Most reactions stopped at the headline. Almost no one engaged what came next.
Almost an afterthought, he listed four things that survive: knowing what the demand is, design, knowing what's useful to users, and managing teams of AI models.
The first three are textbook PM. Business value. Usability. User value.
The fourth item, managing AI agents, is where engineering and product collapse into one role:
Intent: strategy, objectives, trade-offs, autonomy constraints, success criteria. The why and what, not the how.
Architecture: knowledge layer, agent topology, integrations with external systems, how the data flows, what makes it reliable and secure.

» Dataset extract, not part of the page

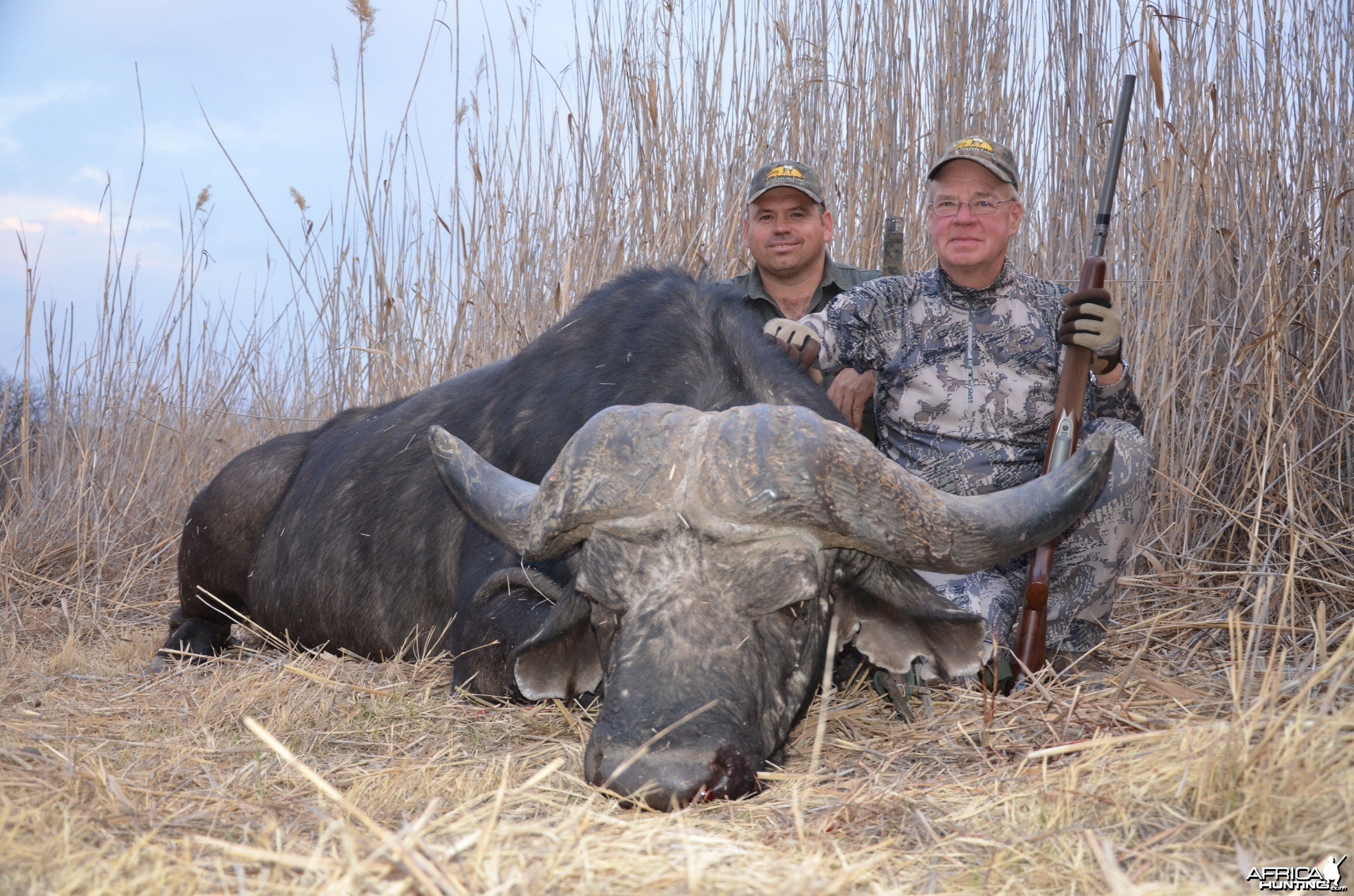 Old bull Cape buffalo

Coaching: the slow work of evaluating outputs and providing feedback so that agents improve over time.
None of that works without understanding the underlying tech, and none of it ships without business judgment.
He added that even if you're only doing 5 percent of the task, that 5 percent is super amplified. The same model that erases the other 95 percent of the process super-amplifies what remains.

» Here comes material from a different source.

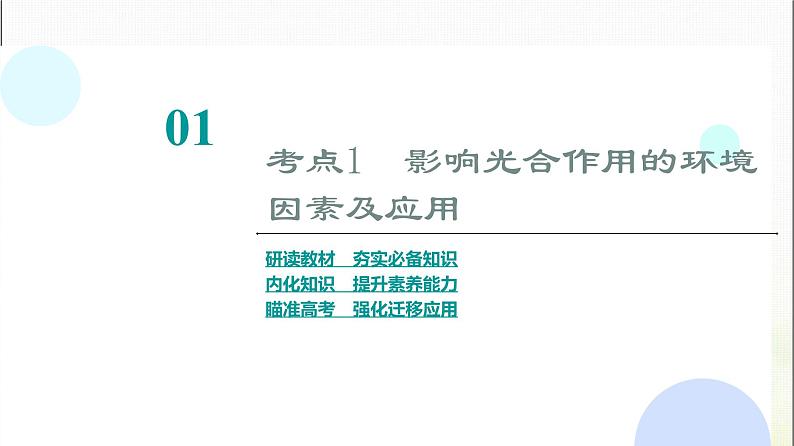 2024届人教版高考生物一轮复习光合作用(Ⅱ)(Ⅰ)课件第4页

The job is small by design. That is why it pays.
Every prior abstraction layer worked this way. Assembly shrank to a sliver. C narrowed when higher-level languages took over. The lower layer rarely disappeared. It compressed, and the people who refused to climb compressed with it. AI is the same pattern, faster.
The people climbing are already at it. Strategy. Monetization. Knowledge architectures. Agent experiments. Reorganizing their workflows around AI. The headline argument is for the rest.
Dario didn't predict the death of engineering. He described what comes next.